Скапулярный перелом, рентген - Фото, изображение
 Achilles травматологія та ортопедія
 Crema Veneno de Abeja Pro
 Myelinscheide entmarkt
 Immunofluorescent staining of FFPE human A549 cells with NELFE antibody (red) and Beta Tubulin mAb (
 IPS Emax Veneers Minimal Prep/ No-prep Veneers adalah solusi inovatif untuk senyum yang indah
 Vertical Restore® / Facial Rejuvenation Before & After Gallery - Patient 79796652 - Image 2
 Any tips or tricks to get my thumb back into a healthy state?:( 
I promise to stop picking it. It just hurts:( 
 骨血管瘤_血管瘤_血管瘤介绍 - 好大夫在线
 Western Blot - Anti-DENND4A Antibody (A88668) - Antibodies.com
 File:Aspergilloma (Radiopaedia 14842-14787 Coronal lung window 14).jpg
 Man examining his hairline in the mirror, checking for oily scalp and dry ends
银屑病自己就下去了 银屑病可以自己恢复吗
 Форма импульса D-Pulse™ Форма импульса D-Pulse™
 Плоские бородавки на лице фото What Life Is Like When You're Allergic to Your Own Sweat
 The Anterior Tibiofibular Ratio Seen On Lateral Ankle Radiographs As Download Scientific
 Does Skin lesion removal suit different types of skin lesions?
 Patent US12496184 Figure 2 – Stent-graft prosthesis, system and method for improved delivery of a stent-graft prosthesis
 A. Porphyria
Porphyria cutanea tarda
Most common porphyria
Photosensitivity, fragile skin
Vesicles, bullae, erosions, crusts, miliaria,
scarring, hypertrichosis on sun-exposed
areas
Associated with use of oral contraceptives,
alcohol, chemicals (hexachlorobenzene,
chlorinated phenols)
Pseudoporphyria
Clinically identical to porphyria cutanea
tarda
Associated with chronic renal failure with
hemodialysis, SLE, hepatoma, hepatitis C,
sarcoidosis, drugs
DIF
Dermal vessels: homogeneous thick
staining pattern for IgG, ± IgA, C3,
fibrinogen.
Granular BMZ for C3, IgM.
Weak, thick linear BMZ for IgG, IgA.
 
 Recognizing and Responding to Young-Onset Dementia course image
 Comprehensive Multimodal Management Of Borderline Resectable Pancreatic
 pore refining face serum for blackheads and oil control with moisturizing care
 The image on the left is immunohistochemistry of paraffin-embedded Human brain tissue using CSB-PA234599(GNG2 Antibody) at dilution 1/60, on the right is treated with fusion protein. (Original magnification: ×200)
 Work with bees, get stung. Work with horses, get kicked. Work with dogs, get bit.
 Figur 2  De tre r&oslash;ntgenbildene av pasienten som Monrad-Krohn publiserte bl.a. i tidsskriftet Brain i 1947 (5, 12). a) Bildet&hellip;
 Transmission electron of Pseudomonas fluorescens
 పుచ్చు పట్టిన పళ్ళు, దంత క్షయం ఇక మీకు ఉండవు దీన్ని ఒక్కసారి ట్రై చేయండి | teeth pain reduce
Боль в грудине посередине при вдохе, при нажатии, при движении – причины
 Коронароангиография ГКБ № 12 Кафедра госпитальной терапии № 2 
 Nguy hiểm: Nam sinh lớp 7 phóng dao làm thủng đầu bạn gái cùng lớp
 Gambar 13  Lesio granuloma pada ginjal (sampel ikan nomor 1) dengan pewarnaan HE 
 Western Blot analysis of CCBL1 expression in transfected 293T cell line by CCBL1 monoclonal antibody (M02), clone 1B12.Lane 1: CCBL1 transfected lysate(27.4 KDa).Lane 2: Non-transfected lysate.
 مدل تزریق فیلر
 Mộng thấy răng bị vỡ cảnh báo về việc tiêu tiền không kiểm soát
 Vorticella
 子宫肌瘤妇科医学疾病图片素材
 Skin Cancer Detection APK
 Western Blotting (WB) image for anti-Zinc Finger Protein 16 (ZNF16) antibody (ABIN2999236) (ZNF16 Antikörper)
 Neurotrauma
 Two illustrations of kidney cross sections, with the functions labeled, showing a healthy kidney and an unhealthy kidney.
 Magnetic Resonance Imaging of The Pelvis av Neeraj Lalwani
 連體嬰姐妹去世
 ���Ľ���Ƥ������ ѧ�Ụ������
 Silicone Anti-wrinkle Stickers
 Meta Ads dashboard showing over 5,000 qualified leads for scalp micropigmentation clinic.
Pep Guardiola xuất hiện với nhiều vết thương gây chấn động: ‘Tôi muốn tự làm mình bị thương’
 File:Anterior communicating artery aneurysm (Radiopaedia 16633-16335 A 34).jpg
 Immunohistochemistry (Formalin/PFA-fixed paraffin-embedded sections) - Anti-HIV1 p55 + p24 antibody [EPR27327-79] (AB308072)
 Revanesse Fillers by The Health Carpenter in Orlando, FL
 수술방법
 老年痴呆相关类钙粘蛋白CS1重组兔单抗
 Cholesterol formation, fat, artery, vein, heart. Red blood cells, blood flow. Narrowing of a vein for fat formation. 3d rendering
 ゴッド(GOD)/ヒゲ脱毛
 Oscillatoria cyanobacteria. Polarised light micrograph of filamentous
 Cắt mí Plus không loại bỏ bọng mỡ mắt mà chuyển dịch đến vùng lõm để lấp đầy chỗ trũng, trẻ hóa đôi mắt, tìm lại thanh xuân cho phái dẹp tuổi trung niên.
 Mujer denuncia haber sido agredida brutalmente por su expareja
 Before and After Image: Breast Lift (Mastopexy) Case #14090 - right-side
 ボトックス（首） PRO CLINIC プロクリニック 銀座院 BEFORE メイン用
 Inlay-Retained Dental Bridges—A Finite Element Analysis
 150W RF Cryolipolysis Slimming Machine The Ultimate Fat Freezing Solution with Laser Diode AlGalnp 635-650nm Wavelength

● ● ● ● ●

Send back an exact copy of only the lines from the line with "Revanesse Fillers by" up to and including the line with "Mujer denuncia haber" in the data above.

 Revanesse Fillers by The Health Carpenter in Orlando, FL
 수술방법
 老年痴呆相关类钙粘蛋白CS1重组兔单抗
 Cholesterol formation, fat, artery, vein, heart. Red blood cells, blood flow. Narrowing of a vein for fat formation. 3d rendering
 ゴッド(GOD)/ヒゲ脱毛
 Oscillatoria cyanobacteria. Polarised light micrograph of filamentous
 Cắt mí Plus không loại bỏ bọng mỡ mắt mà chuyển dịch đến vùng lõm để lấp đầy chỗ trũng, trẻ hóa đôi mắt, tìm lại thanh xuân cho phái dẹp tuổi trung niên.
 Mujer denuncia haber sido agredida brutalmente por su expareja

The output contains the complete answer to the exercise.